4 Responses to “Fandom is doomed”

  1. 1 Niles February 1, 2009 at 12:38 am

    I don’t think that an effective counterargument can be mounted, although I would call the fanbase lethargic rather than “doomed”. Perhaps the creative energy is going somewhere else like blogs and Youtube skits and into areas that aren’t easily identified or related to anime.

    I’ve seen complaints like this before- there are a number of possible explanations (lack of tradition, too many distractions, stunted development caused by overstroking of egos by peer groups, and resistance to collaboration and criticism.)

    What interests me is not the low volume of skilled works from the American fanbase, it’s the high volume in Japan- I still haven’t come up with an explanation that satisfies myself.

  2. 2 Mike February 3, 2009 at 5:10 am

    Heh, I’ve actually been thinking about this same topic for a while now. After going back to the “old haunt” a few times and still lurking on their forums, it’s a curious and still interesting subject, though as you might expect, I don’t really have much insight to add to yours. Still, I’ll continue pondering about what will happen to the place (and other places) in the relatively near future. I’ll let you know if I have a revelation. (No way.)

  3. 3 Vendredi February 5, 2009 at 1:10 am

    Have to agree that the fandom seems fairly doomed. I think there’s two big points that contribute to this:

    1. Animation is (even today, with the technology available) a very time-intensive and tedious medium. Self-consumption might be easier given other media – anyone can pen fanfic, or hold a camera, with varying levels of quality. Animation by contrast is hard work that requires a very high level of control and a lot of input before you see anything approaching quality.
    Computer animation on the other hand might be a little easier and more doable, but anyone with proficiency in that is more likely to get a career rather than spend their time on fan-work…

    2. As for the high volume of quality production in Japan vs. low volume in America, I would say the answer is simple – Japan has anime, America doesn’t.
    Okay, so it’s a bit more complex than that.
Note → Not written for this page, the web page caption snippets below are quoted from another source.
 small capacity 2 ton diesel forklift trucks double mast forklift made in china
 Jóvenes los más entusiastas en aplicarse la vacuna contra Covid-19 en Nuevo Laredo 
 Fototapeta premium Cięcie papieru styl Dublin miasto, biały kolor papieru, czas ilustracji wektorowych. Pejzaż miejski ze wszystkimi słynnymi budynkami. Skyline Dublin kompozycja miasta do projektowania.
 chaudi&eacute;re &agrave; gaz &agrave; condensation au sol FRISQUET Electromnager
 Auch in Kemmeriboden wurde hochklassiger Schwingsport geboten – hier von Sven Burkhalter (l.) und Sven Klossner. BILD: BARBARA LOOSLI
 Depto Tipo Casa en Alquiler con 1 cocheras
But I think there is a bigger difference in terms of exposure – anime is still not exactly a widespread thing in the U.S.A. It’s not necessarily a mainstream thing in Japan either, but the entire popular art aesthetic in Japan is influenced by it. And I think being surrounded and steeped in that sort of aesthetic has some effect.
    Due to the higher rate of exposure, we then have a higher ratio of obsessive types that can be generated. It’s not the casual anime fan in America or Japan that starts the doujin work, it’s the hardcore one. The average fan provides the market. At this point, America – or the West, in general, is just not saturated enough to have enough of those die-hards.

    Note too, that if we consider the whole spectrum of fan-work, not just from anime, then I think there can be some Western examples of fairly well done fan-work. Distinctly European and American franchises such as Warhammer 40 000 and Battletech draw all sorts of fan-made movies and animations, and some of them approach near professional quality with full costumes, props, lighting, CGI animation and application of post-production techniques.
    As with anime, these franchises are the sort that draw in die-hard fans – and those are the ones who start projects.

  4. 4 moritheil September 12, 2009 at 10:25 pm

    Most processes are difficult to force, cajole, or otherwise manipulate.